Chinese telecom equipment maker ZTE Corp is set to roll out more high-end smartphones in the United States, while consolidating its share of the entry-level end of the market, a company executive said.
"The US carriers are asking us to bring more mid-and high-end devices to the market, and adding handsets with higher price tag also fits our strategy in the country," said Cheng Lixin, senior vice-president of ZTE and president of ZTE North America.
The vendor, based in Shenzhen, Guangdong province, has already signed major new sponsorship deals with three National Basketball Association teams in New York in an effort to raise its brand awareness, becoming the official smartphone provider for the Houston Rockets, New York Knicks and Golden State Warriors.
ZTE and the Rockets signed a one-year sponsorship last year and its brand awareness jumped from 1 percent in 2013 to 16 percent in Houston area, said officials.
Rockets CEO Ted Brown said the ZTE deal will also help his team hold onto its popularity in China after its Shanghai-born superstar Yao Ming retired in 2011.
"ZTE's branding initiative will help us build awareness in China and other Asian nations where ZTE is selling its devices," said Brown. "We share the same goals as ZTE."
The price of the new deals was not disclosed, but the company said it had tripled marketing investment in NBA.
Gene Cao, senior analyst at Forrester Research Inc, said the new NBA sponsorships would help ZTE enhance its brand name and acquire more US customers, especially those who were not aware of the brand.
Around 95 percent of smartphones sold in the US are through service carriers.
Cheng said carrier competition in the US is intensifying after a series of mergers.
"Every carrier is looking to build closer ties with smartphone vendors to improve their market share, providing ZTE with a golden opportunity to cash in."
He said selling more affordable premium devices will allow ZTE to challenge established market leaders such as Apple Inc and Samsung Electronics Co Ltd.
ZTE claims to be the second-largest device supplier to the US pre-paid market, with a current market share of 8 percent, which has doubled in the past year.
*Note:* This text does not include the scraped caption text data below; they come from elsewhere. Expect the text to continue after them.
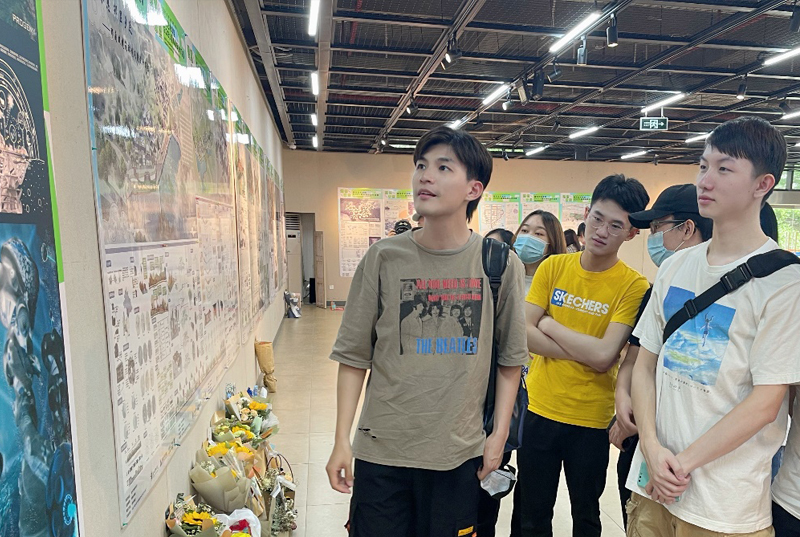 1622027268368582.jpg 图3:学生认真聆听张淳老师讲解展板插画元素构成.jpg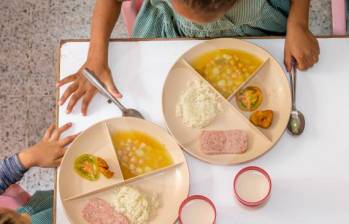El Programa de Alimentación Escolar (PAE) es uno de los programas que casi cada año deja ver un nuevo escándalo de corrupción en el país. FOTO JUAN ANTONIO SÁNCHEZ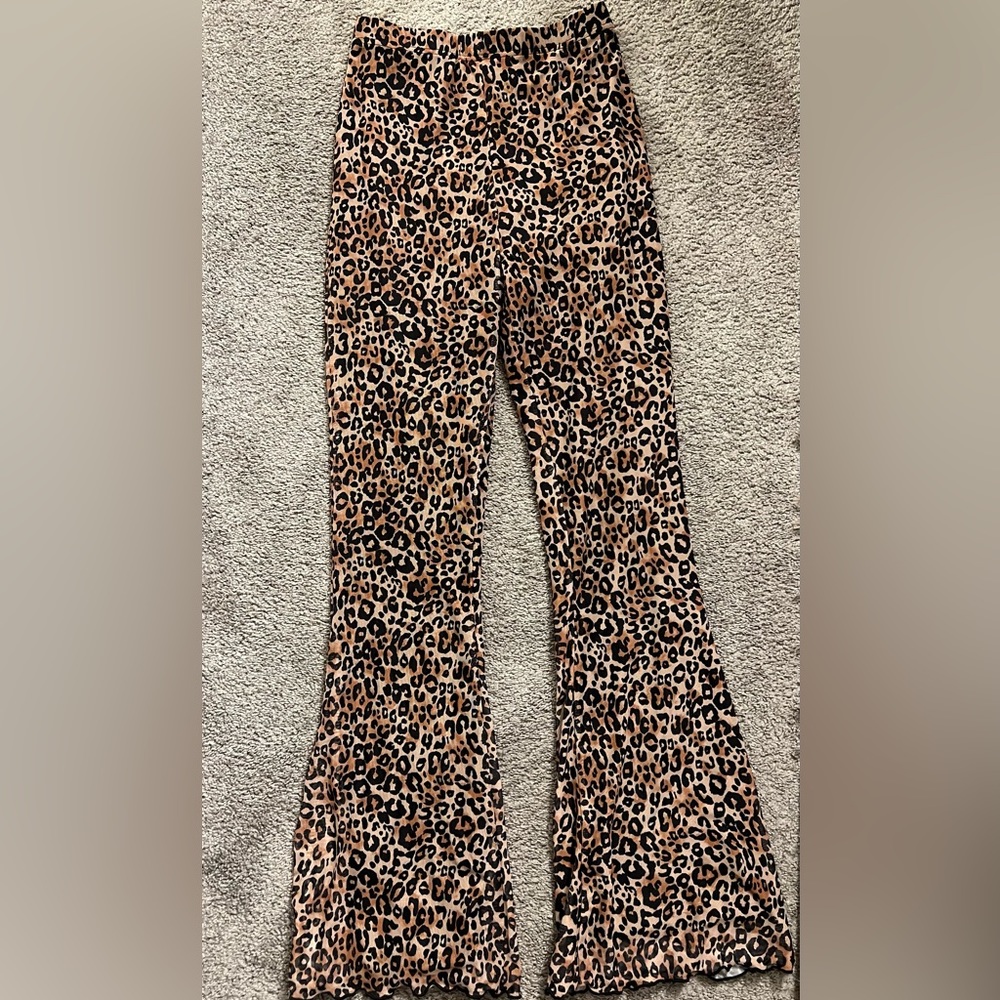 Leopard flare pants
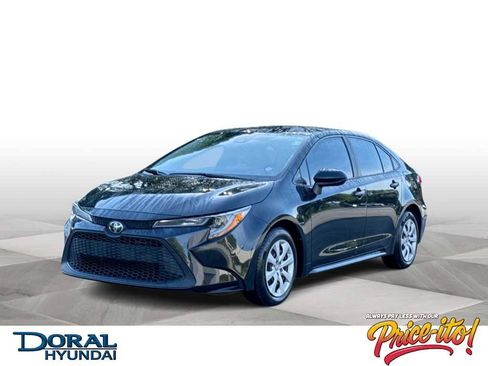 Used 2022 Toyota Corolla LE FWD image 1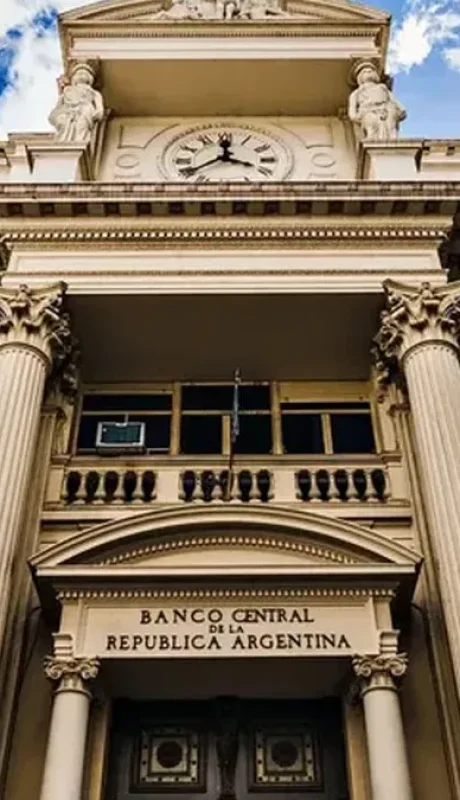 La eliminación de las LEFI liberó miles de millones de pesos que no encontraron destino y dispararon la tasa de interés.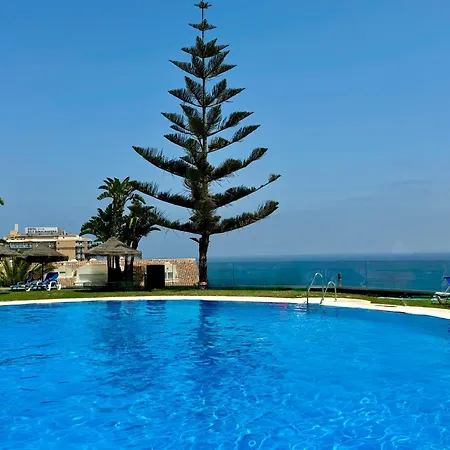 Apartment Con Vistas Al Mar Y Piscina En *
Cheng is predicting its high-end device, the Zmax, will receive more than 1 million orders from US carriers, but experts say it will take time for ZTE to land really sizable high-end sales.
Wang Jingwen, an analyst with Canalys China, said ZTE's current market share in the US is mainly for products costing less than $100.
Wang said Chinese vendors find it difficult to build brand awareness and to sell higher-end products in developed markets such as the US and Western Europe, because most consumers there already use smartphones from companies like Apple, Samsung, LG Electronics and Sony Mobile Communications Inc.
Cao said ZTE has outperformed its Chinese peers Huawei Electronics Co Ltd and Lenovo Group Ltd in the US smartphone market because of its close relationships with carriers such as T-Mobile.
"Around 90 percent of ZTE revenues came from device sales in the US in 2013, which has prompted it to invest more marketing resources into the market," he added.